## Exercise description
Lower down are entries containing pictures. Copy exactly, without those pictures, the lines from the line with "Healthcare Providers Similar" through the line with "Kappa 32193CW".

──────── Exercise input ────────

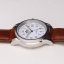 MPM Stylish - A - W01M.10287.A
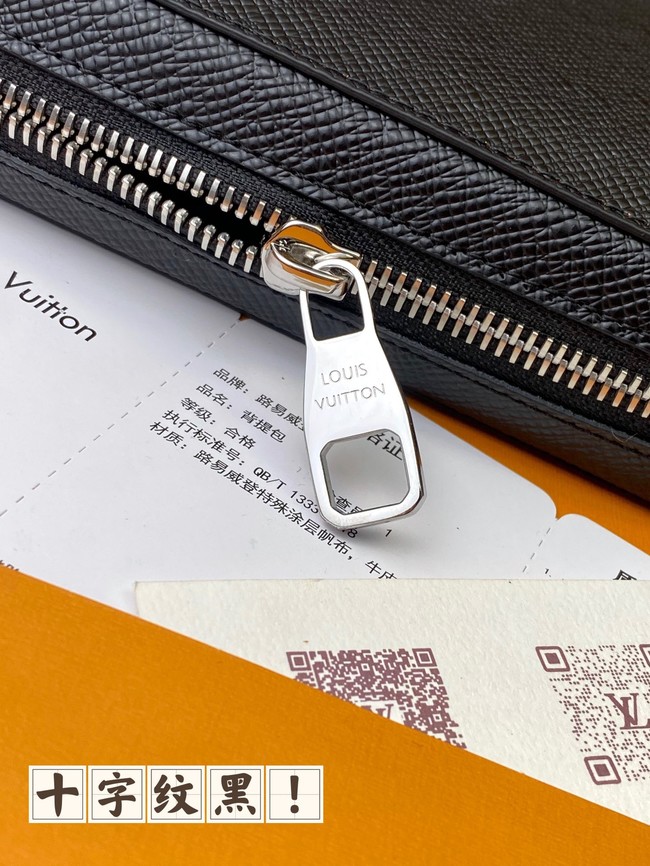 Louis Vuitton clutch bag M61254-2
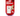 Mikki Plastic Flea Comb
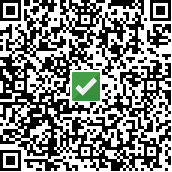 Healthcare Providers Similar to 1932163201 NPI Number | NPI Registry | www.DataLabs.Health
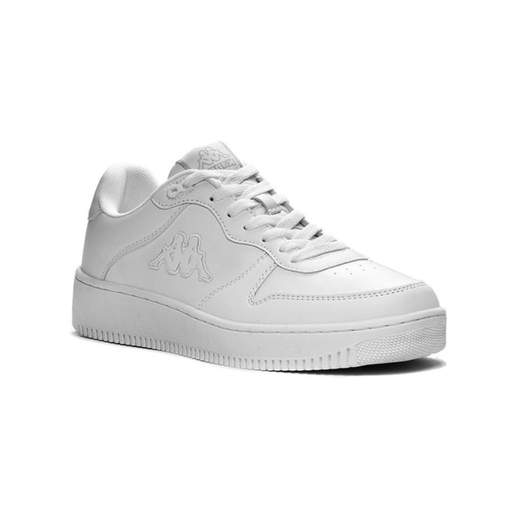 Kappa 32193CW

────────
──────── Exercise input ────────

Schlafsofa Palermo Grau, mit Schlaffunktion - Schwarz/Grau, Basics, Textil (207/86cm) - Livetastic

────────
──────── Exercise input ────────

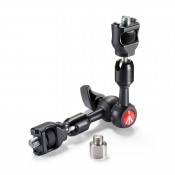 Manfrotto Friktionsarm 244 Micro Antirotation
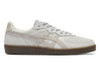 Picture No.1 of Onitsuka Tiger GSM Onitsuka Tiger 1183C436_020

────────

## Solution for this exercise
 Healthcare Providers Similar to 1932163201 NPI Number | NPI Registry | www.DataLabs.Health
 Kappa 32193CW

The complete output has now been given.